Loureiro dos Santos tinha uma noção apurada de história e estratégia. “Sempre procurei ser um bom militar, comportar-me como um bom líder militar, mas nunca deixei de ler. Basicamente, História”, disse, em entrevista ao PÚBLICO em 2015. Nunca deixou de ler e de intervir. Foi corajoso a lutar pelo que defendia ser o correcto. Quando se demitiu de chefe de Estado-Maior da Armada no tempo de Cavaco Silva, por causa da contestada “lei dos coronéis”, sacrificou a possibilidade de ascender ao topo da hierarquia, chefe de Estado-Maior General das Forças Armadas. 

O seu papel, a seguir ao 25 de Abril, na defesa da instituição de uma democracia à maneira ocidental, foi claro pelo envolvimento no 25 de Novembro — não enquanto operacional, mas enquanto estratego — e no trabalho pela entrega do poder que esteve durante algum tempo a seguir à revolução nas mãos dos militares à tutela civil. Afinal, Loureiro dos Santos, que conhecia bem a História, sabia que “a instituição militar criou, manteve e destruiu a ditadura”, como escreveu nos 40 anos do 25 de Abril. Teriam de ser os militares a devolver o poder que detiveram durante mais de 50 anos às instituições democraticamente eleitas e Loureiro dos Santos teve um papel decisivo na lei que consagrou a subordinação do poder militar ao poder político. 

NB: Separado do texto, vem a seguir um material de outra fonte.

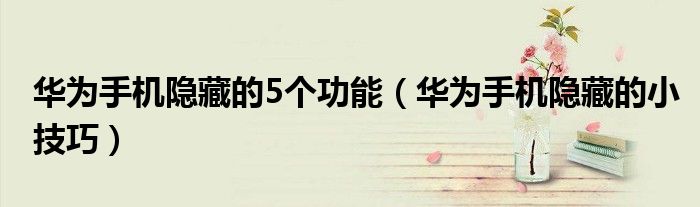 华为手机隐藏的5个功能（华为手机隐藏的小技巧）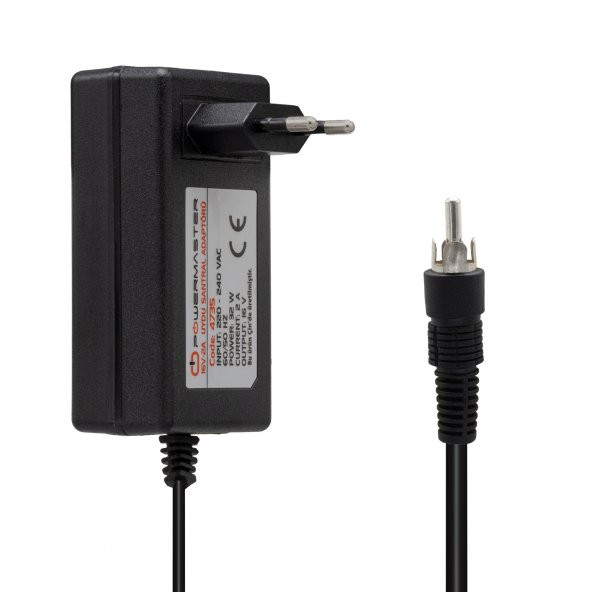 POWERMASTER PM-4735 * 34.MA.0009  16 VOLT - 2 AMPER TOS FİŞLİ RCA UÇLU PRİZ TİPİ SANTRAL ADAPTÖRÜ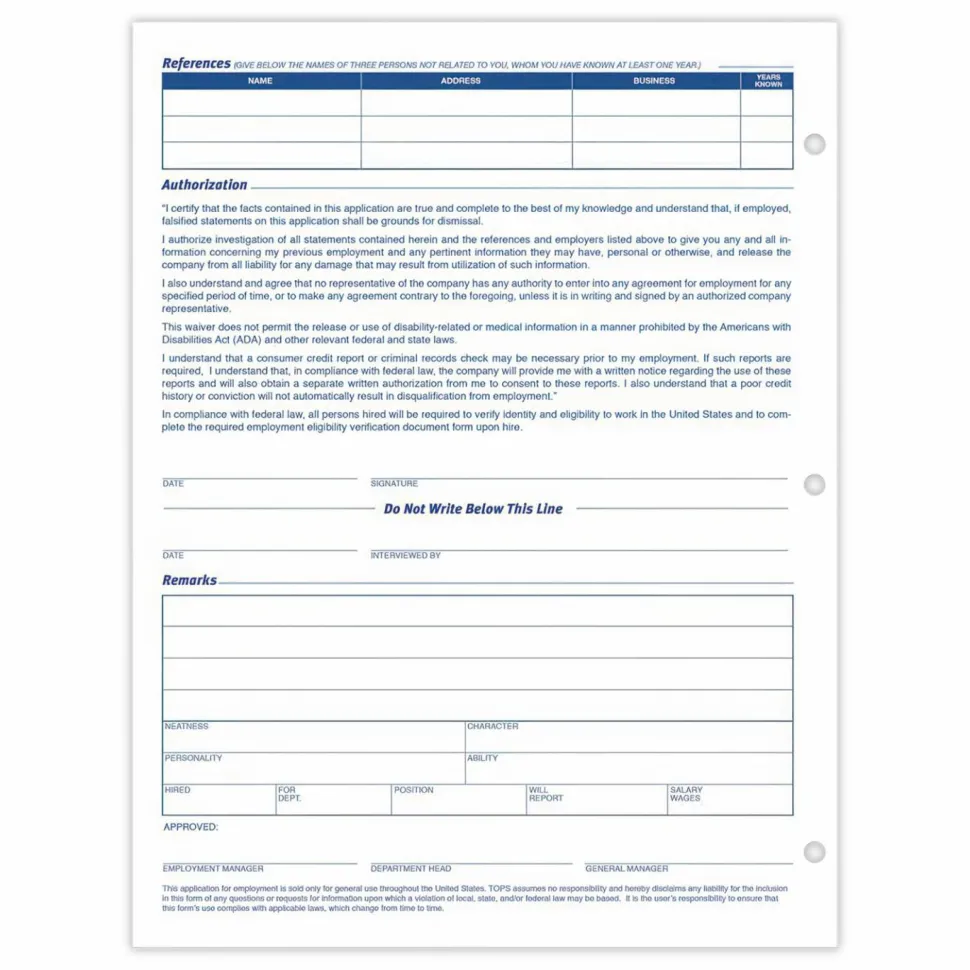 TOPS - Application for employment form - 50 sheets - Letter A Size (8.5 in x 11 in)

José Loureiro dos Santos, o homem natural de uma aldeia perto de Sabrosa cujo destino imediato era ser caixeiro e que por intervenção de um professor acabou por ir estudar para o liceu do Porto — onde foi o melhor aluno —, faz parte de um escol de personalidades que, nascidos no país pobre e sem oportunidades da ditadura, se ergueram verdadeiramente acima das suas possibilidades na casa de partida e construíram o Portugal moderno. Todas as gerações que vieram depois tiveram uma vida mais fácil. Muitos terão dificuldade em compreender a capacidade de agigantamento que marcou homens como Loureiro dos Santos.